## Caption-style text data
== Segment start ==
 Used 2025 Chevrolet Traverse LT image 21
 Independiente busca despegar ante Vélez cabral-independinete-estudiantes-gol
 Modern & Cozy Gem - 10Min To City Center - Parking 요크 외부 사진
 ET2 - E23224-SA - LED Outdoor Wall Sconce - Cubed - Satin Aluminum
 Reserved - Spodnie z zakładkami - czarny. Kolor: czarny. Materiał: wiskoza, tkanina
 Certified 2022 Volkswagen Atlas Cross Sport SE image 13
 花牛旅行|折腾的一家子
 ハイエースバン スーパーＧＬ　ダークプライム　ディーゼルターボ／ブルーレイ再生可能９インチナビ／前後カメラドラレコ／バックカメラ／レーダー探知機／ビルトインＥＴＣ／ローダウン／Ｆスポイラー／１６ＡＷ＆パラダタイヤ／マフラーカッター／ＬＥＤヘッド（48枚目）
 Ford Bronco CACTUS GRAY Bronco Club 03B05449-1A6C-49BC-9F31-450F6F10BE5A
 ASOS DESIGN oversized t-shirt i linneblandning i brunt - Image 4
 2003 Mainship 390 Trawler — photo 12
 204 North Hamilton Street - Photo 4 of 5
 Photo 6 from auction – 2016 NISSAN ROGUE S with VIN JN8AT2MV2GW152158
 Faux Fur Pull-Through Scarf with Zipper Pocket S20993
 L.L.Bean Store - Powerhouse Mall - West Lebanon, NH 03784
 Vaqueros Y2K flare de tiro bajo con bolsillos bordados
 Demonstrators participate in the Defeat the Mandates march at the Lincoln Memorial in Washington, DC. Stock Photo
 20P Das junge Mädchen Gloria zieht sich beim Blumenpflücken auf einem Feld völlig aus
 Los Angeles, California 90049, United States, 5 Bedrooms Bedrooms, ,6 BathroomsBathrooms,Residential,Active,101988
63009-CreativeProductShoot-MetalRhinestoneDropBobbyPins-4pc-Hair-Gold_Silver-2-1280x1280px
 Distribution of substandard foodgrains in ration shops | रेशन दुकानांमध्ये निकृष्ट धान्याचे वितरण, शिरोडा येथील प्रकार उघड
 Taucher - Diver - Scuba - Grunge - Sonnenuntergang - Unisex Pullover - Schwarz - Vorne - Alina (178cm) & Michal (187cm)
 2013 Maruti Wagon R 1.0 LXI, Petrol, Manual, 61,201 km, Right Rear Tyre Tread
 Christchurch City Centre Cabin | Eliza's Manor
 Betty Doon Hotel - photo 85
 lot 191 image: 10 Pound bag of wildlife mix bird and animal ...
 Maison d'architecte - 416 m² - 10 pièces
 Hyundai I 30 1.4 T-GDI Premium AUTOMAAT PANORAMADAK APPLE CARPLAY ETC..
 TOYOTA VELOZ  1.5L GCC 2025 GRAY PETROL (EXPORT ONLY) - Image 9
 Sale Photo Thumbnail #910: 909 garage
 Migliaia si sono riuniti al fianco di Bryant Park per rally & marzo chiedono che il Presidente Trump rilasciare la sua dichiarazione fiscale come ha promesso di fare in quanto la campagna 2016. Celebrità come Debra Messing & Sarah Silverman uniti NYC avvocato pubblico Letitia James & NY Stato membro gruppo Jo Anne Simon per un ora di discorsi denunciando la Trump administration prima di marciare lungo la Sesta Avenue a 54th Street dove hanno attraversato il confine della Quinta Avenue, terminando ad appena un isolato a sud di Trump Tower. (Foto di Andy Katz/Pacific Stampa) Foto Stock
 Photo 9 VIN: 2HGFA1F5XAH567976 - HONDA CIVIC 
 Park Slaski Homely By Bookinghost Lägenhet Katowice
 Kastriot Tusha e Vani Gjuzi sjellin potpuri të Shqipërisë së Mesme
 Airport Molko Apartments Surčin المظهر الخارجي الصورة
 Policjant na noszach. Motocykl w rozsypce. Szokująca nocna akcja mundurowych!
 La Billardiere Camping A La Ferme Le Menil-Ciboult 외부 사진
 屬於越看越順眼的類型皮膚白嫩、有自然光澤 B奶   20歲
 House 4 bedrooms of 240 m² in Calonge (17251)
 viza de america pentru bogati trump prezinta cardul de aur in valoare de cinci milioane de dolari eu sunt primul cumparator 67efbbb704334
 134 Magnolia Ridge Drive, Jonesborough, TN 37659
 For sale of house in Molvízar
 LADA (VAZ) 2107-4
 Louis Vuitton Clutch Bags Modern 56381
== Segment end ==
Check each line of the entries above for the string "with", and return those that contain it.

## Reply to the exercise
 Photo 6 from auction – 2016 NISSAN ROGUE S with VIN JN8AT2MV2GW152158
 Faux Fur Pull-Through Scarf with Zipper Pocket S20993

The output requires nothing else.